━━━ INPUT ━━━
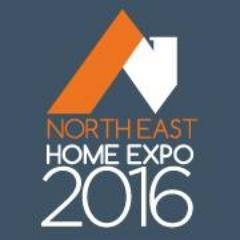 Your Build - Your Renovation - Your Design - Your Smart Home #NEHomeExpo Details of the 2017 event coming soon, watch this space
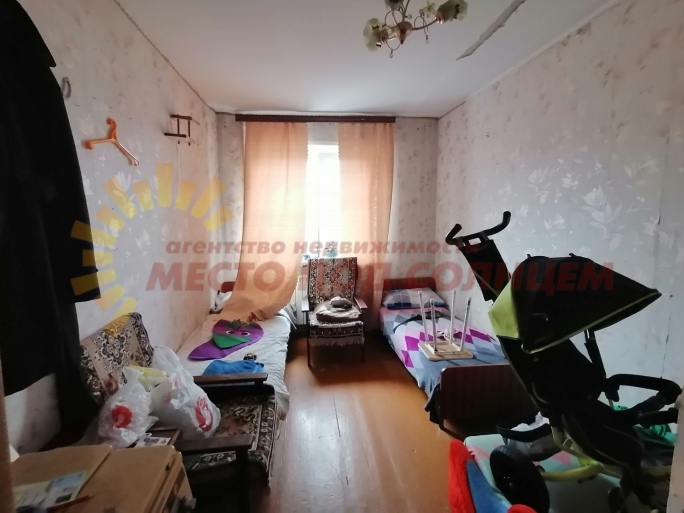 7c9791990f67d921a14f3c87a21cf8762074f243dbeeddd16828661de3905e1b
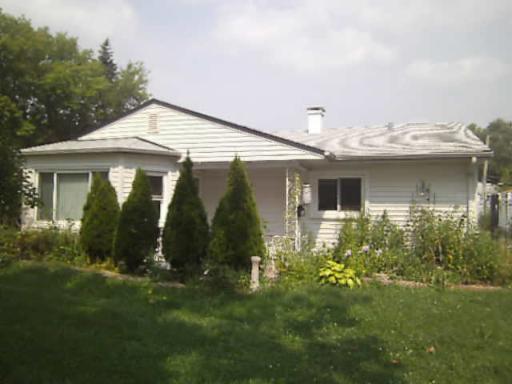 129 E Dennis Rd., Wheeling, IL 60090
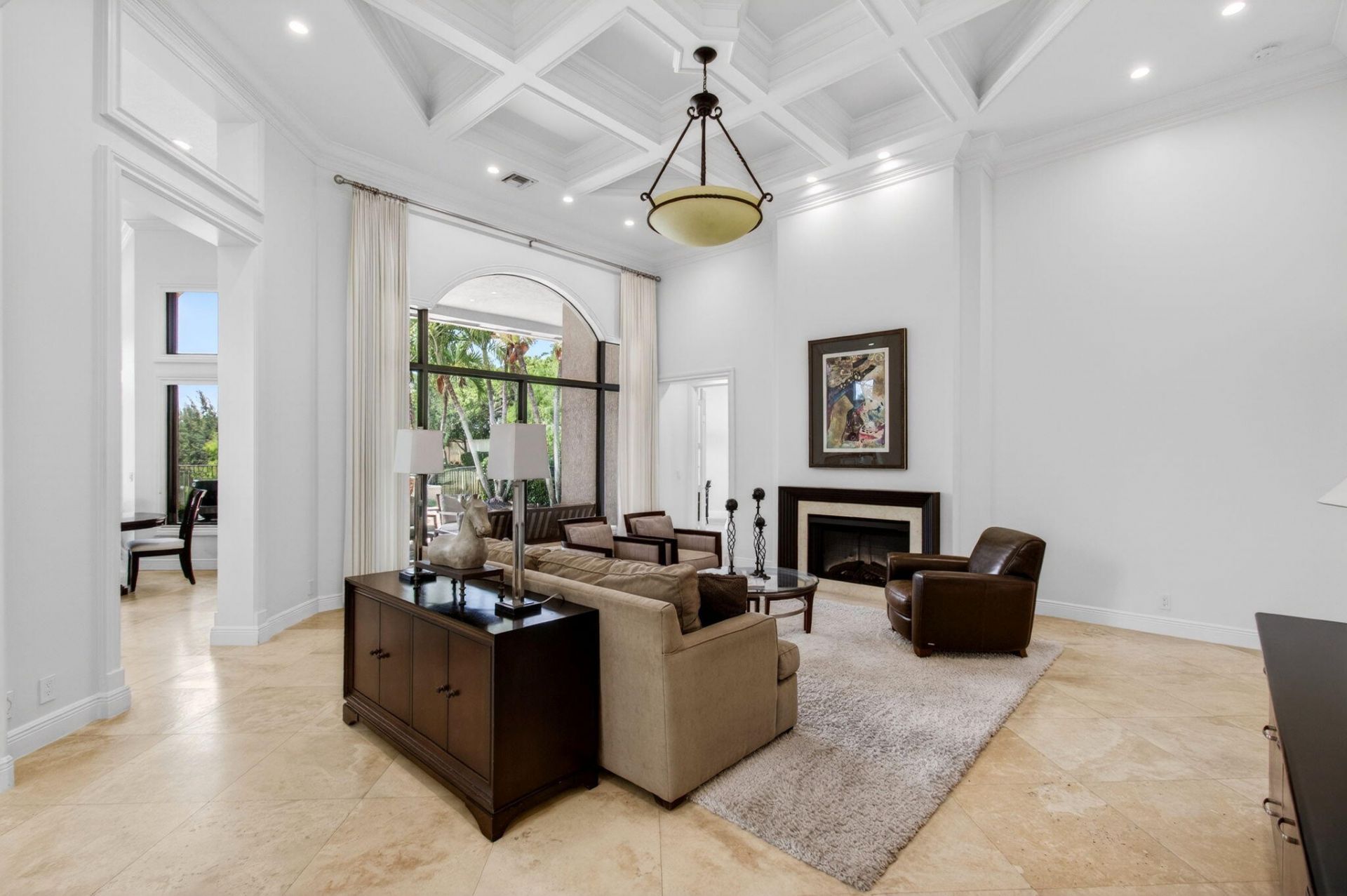 16266 Rosecroft Terrace, Delray Beach, FL 33446 Photo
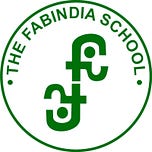 Good Schools of India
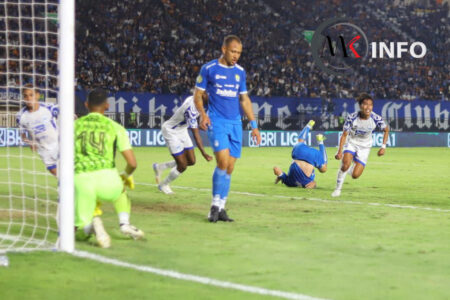 Sore ini, PSIS bertekad putus rekor dua kali kalah dari Persiku Kudus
━━━
**WHAT YOU WILL DO**
The expected answer consists solely of the lines from the one with "16266 Rosecroft Terrace, Delray" through the last line of the listing above, restated exactly, minus any pictures.

**SOLUTION BELOW**
 16266 Rosecroft Terrace, Delray Beach, FL 33446 Photo
 Good Schools of India
 Sore ini, PSIS bertekad putus rekor dua kali kalah dari Persiku Kudus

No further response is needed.